I was at the Vet the other day, Sin and I were sitting by a lady and her fat barking Lab. Sinister was sitting next to me being a good quiet boy and this older lady walks in and asks the lady with the Lab if her dog is friendly as the dog is barking at her and the lady says yes so she pets the Lab and then looks at Sinister and says to the owner of the Lab "This breed is always so gentle and nice, they are great dogs, I cant say the same for other breeds." Then she walked to the other side of the room and shot glances at Sinister. 

My dog was the well behaved quiet one that recieved no attention.

The other lady and her fat, obnoxious, not well behaved Lab recieved all the attention.


----------



## Gib Laut (Feb 21, 2010)

LaRen616 said:


> I was at the Vet the other day, Sin and I were sitting by a lady and her fat barking Lab. Sinister was sitting next to me being a good quiet boy and this older lady walks in and asks the lady with the Lab if her dog is friendly as the dog is barking at her and the lady says yes so she pets the Lab and then looks at Sinister and says to the owner of the Lab "This breed is always so gentle and nice, they are great dogs, I cant say the same for other breeds." Then she walked to the other side of the room and shot glances at Sinister.
> 
> My dog was the well behaved quiet one that recieved no attention.
> 
> The other lady and her fat, obnoxious, not well behaved Lab recieved all the attention.


:rofl:.......did you throw the lady and her dog a cookie!!!!...poor Sin, he's gettin rocked these days!!!!!!


----------



## LaRen616 (Mar 4, 2010)

Gib Laut said:


> :rofl:.......did you throw the lady and her dog a cookie!!!!...poor Sin, he's gettin rocked these days!!!!!!


You know there have been alot of GSD haters lately. What the heck is going on? You know that commercial where people get smacked upside the head and then they say "Should have had a V8" I think this thing needs to start happening to the GSD haters. Smack them in the head and say "Should have kept your mouth shut"


----------



## PupperLove (Apr 10, 2010)

LaRen616 said:


> I was at the Vet the other day, Sin and I were sitting by a lady and her fat barking Lab.

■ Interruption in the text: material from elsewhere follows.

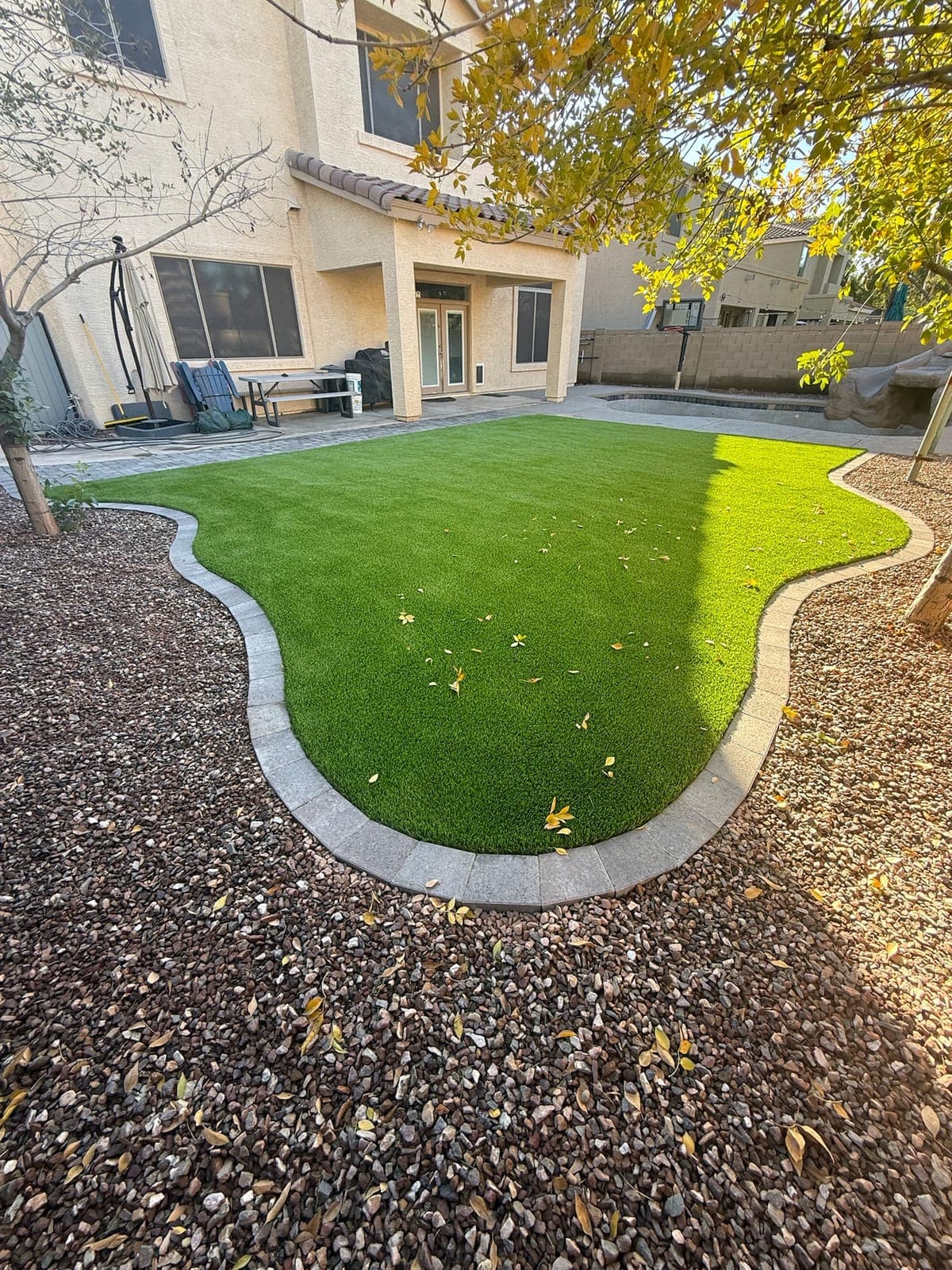 Paver pool deck and backyard hardscape in Chandler, Arizona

Sinister was sitting next to me being a good quiet boy and this older lady walks in and asks the lady with the Lab if her dog is friendly as the dog is barking at her and the lady says yes so she pets the Lab and then looks at Sinister and says to the owner of the Lab "This breed is always so gentle and nice, they are great dogs, I cant say the same for other breeds." Then she walked to the other side of the room and shot glances at Sinister.
> 
> My dog was the well behaved quiet one that recieved no attention.
> 
> The other lady and her fat, obnoxious, not well behaved Lab recieved all the attention.


 
WOW! People are just down right RUDE, I can't believe it! Idk what i'm going to do when someone shoots a rude one at me when I get my GSD. NOT looking forward to it!


----------



## LaRen616 (Mar 4, 2010)

PupperLove said:


> WOW! People are just down right RUDE, I can't believe it! Idk what i'm going to do when someone shoots a rude one at me when I get my GSD. NOT looking forward to it!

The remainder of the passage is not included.